In preparation for his next year of preschool, Noah had his IEP (Individualize Education Plan). For those of you not aware of what an IEP is, it's basically a plan put in place with the school to address Noah's personal needs. It lists his goals and what items or accommodations he might need to reach those goals. After considering what might have contributed to this past less-than-stellar year, I decided that Noah's original goals, and how they were addressed, was the underlying problem. They had been working on basic low level goals and when he wouldn't participate due to sensory issues, disinterest, or even just because he's 3 they assumed he couldn't do it and never pushed for more.

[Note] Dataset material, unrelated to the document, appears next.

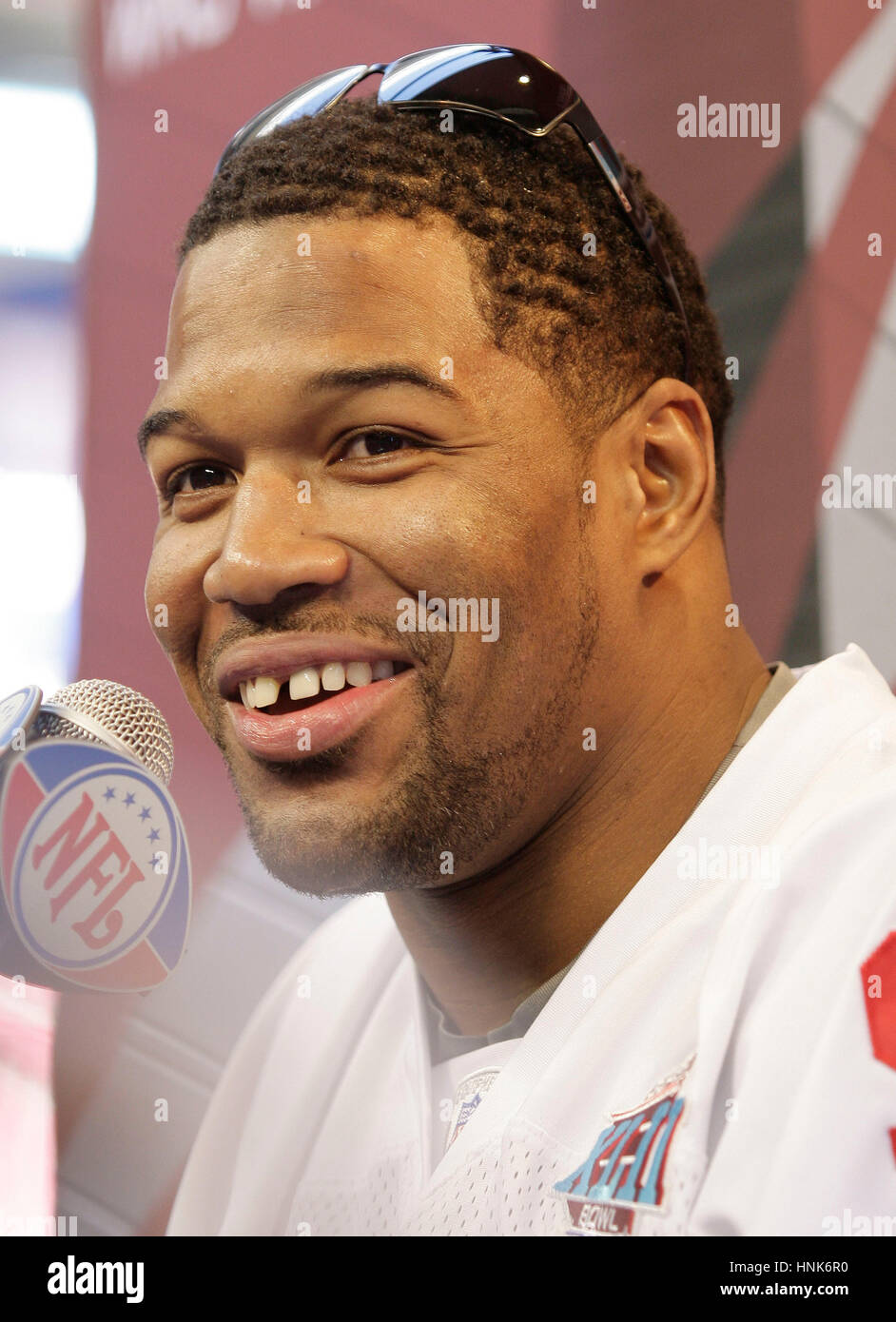 New York Giants' Michael Strahan is interviewed by reporters at Media ...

This year, I went in prepared to really lay out what I felt he needed to be successful. And also some items that would help me track his progress and work. I suggested his ultimate goals be age appropriate based on requirements for starting school in an average kindergarten class. Even though these goals will push him, I am much more comfortable with a 50% attainment of something that is a challenge than 95% attainment of something easy.
I now feel much better about the whole thing. While I still have a few reservations about how much the teacher is actually involved in the class, at least now I have a legally binding contract to help get Noah what he needs. It also addresses his personal learning style. See, he is very HIGH-INTENSITY! He needs positive reinforcement. Lots of cheers and high-fives and screams when he gets something right. Without it, he quickly loses interest and shuts down. He also needs sensory integration assistance like jumping on a tramp, swinging, throwing balls. Without it he can't focus or pay attention.